▶ _Problem details_
Pictures stay out of the copy. Retype exactly the lines below from the one with "Chris Hoeh, Anne" through the one with "Welcome Home! Beautiful".

▶ _Record excerpts_
Start of Block
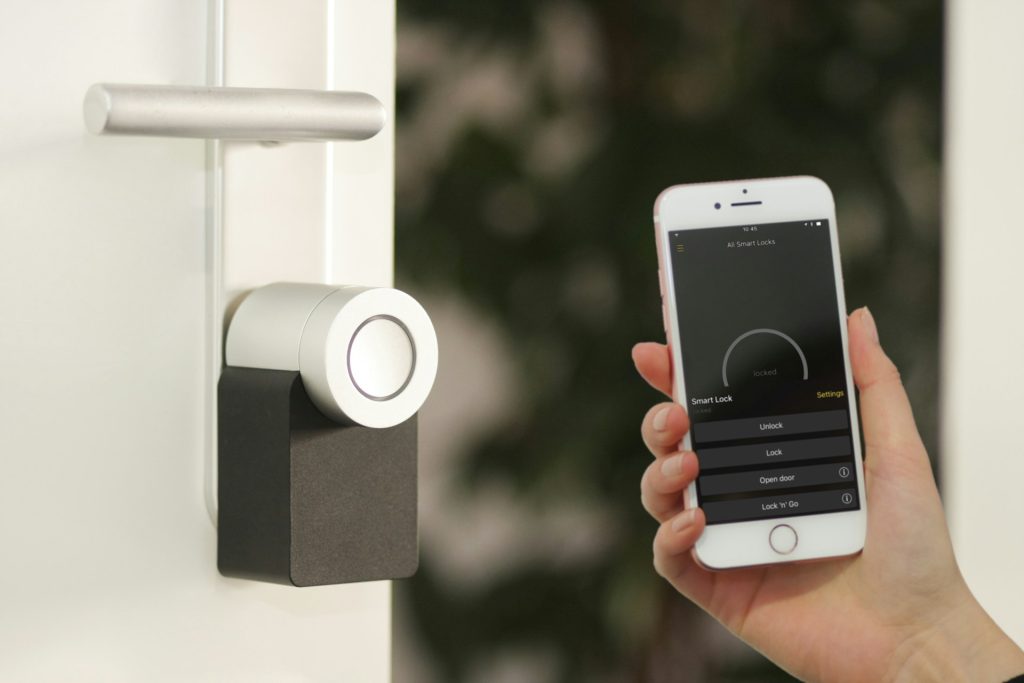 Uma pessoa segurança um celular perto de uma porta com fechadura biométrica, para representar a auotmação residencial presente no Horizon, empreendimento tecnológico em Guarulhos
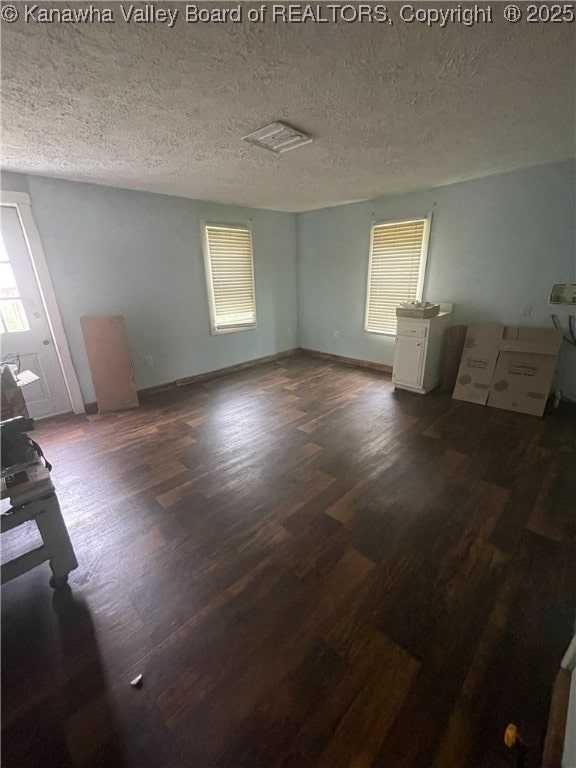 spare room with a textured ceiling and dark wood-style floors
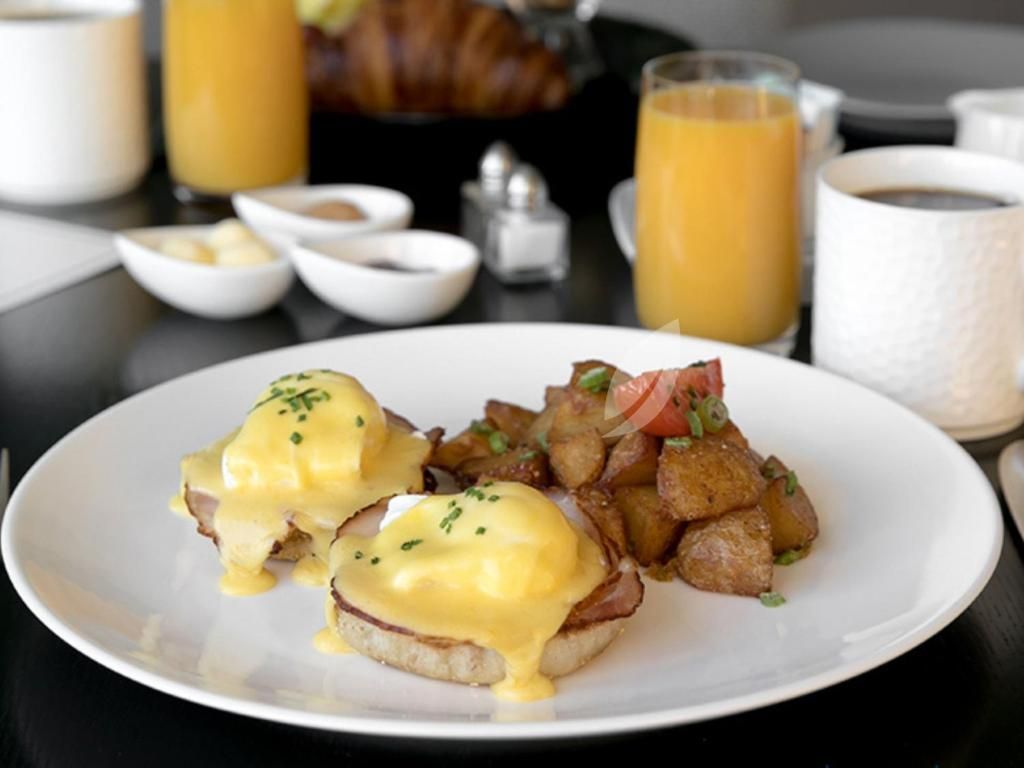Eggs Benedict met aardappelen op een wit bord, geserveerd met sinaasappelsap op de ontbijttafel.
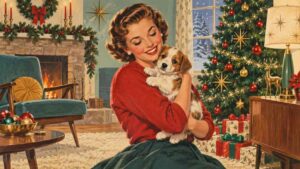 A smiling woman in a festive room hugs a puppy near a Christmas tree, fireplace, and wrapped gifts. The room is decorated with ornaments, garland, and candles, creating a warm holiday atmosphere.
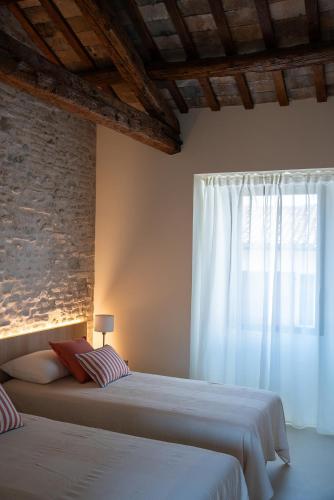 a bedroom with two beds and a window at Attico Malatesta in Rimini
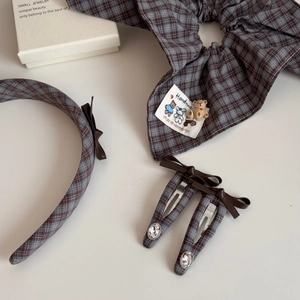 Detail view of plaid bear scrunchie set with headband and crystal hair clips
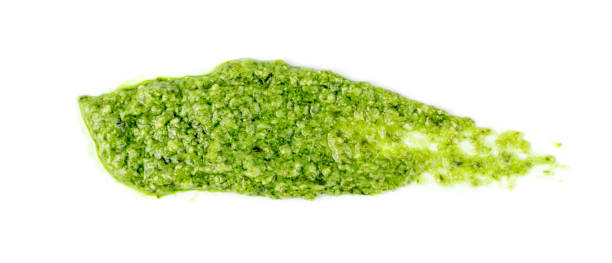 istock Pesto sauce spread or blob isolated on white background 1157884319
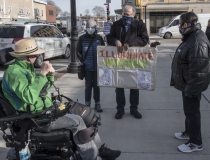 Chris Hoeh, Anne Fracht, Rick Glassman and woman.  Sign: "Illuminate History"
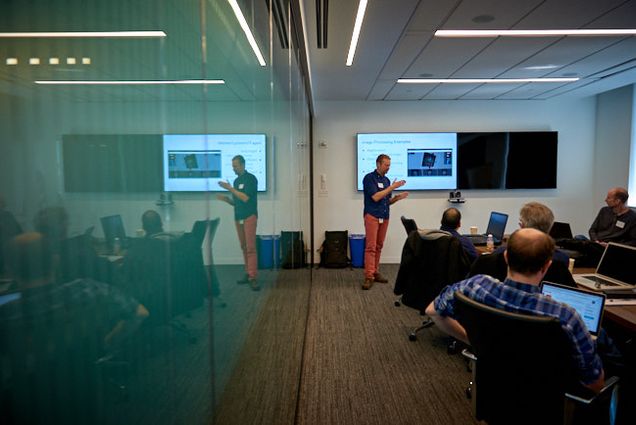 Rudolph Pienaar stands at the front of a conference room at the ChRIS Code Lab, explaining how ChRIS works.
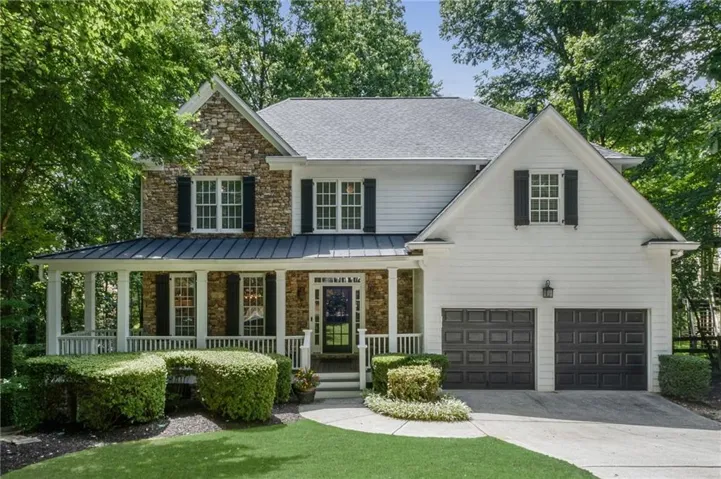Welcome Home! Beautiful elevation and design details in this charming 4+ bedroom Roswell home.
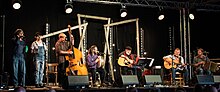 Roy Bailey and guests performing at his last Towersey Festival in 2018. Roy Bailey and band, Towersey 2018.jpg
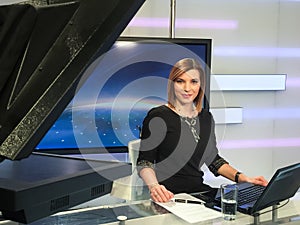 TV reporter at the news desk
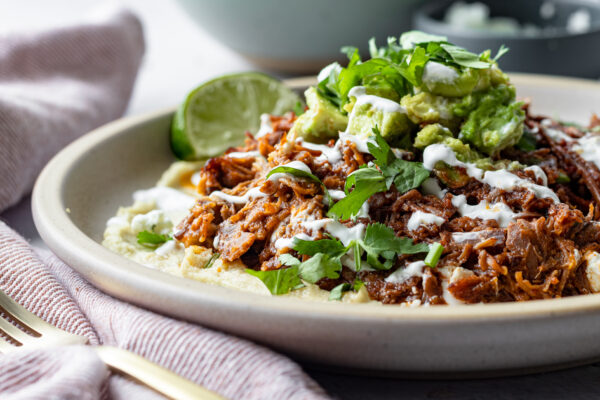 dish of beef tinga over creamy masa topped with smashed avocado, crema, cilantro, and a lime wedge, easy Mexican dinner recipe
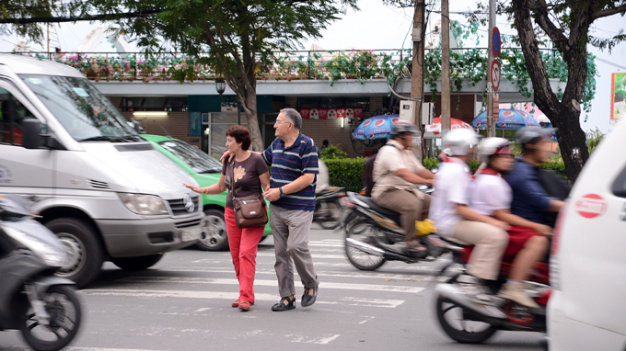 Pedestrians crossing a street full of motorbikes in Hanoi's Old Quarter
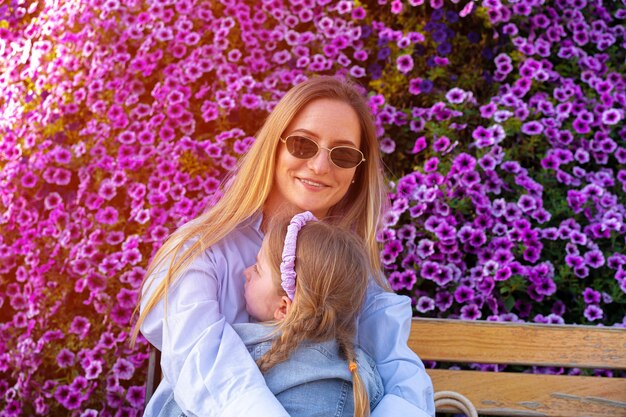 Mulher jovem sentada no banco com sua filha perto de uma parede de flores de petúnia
End of Block
Start of Block
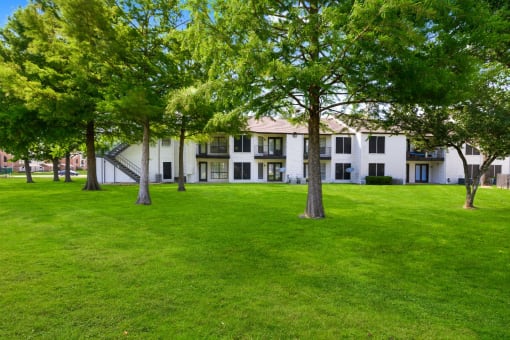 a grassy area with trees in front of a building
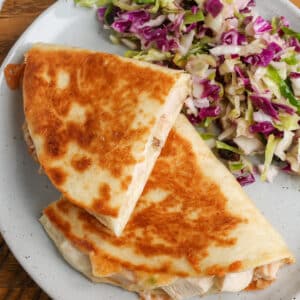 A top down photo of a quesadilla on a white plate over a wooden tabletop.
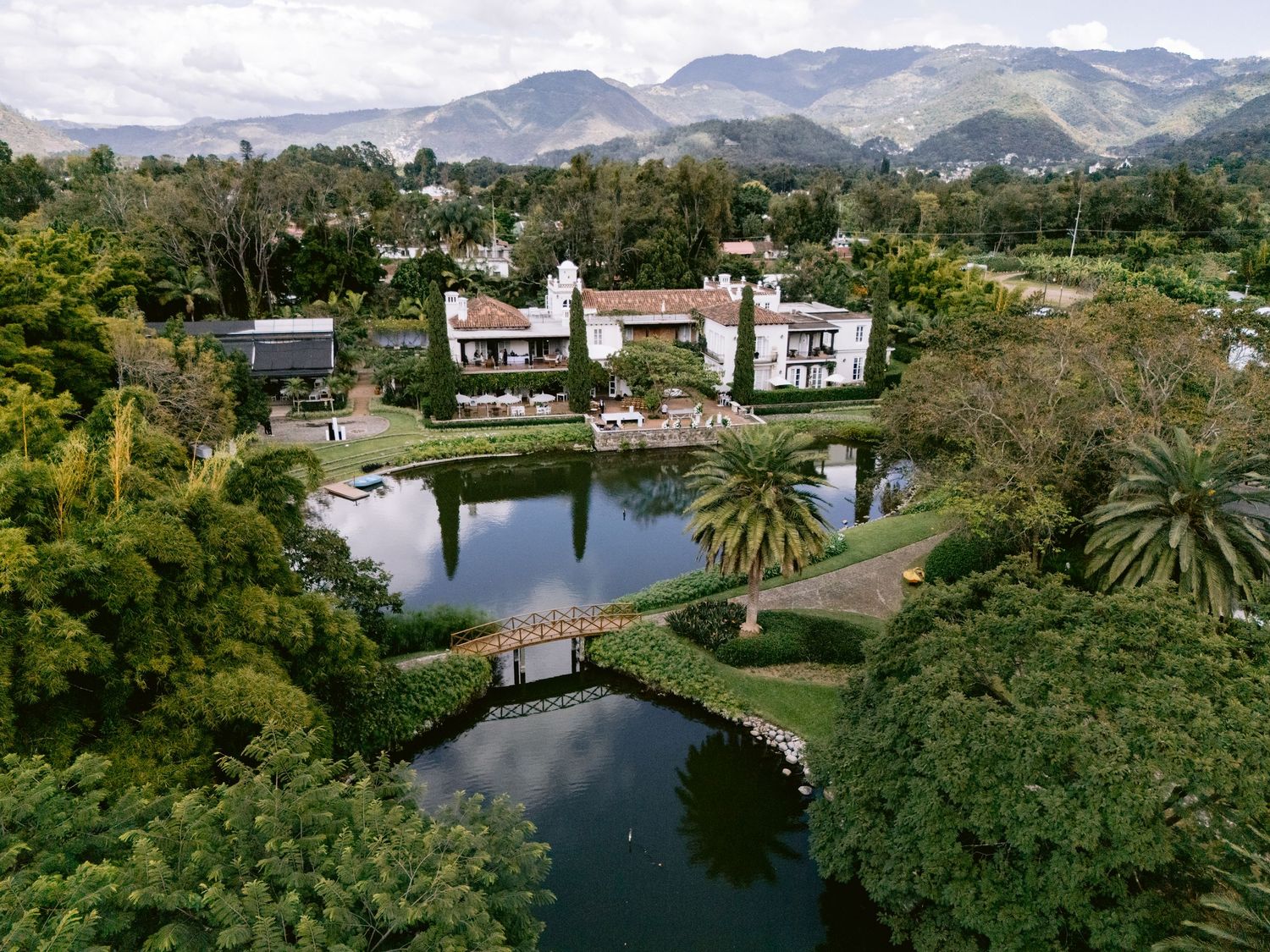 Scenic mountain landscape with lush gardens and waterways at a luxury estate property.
End of Block
▶ _Your solution_
 Chris Hoeh, Anne Fracht, Rick Glassman and woman.  Sign: "Illuminate History"
 Rudolph Pienaar stands at the front of a conference room at the ChRIS Code Lab, explaining how ChRIS works.
Welcome Home! Beautiful elevation and design details in this charming 4+ bedroom Roswell home.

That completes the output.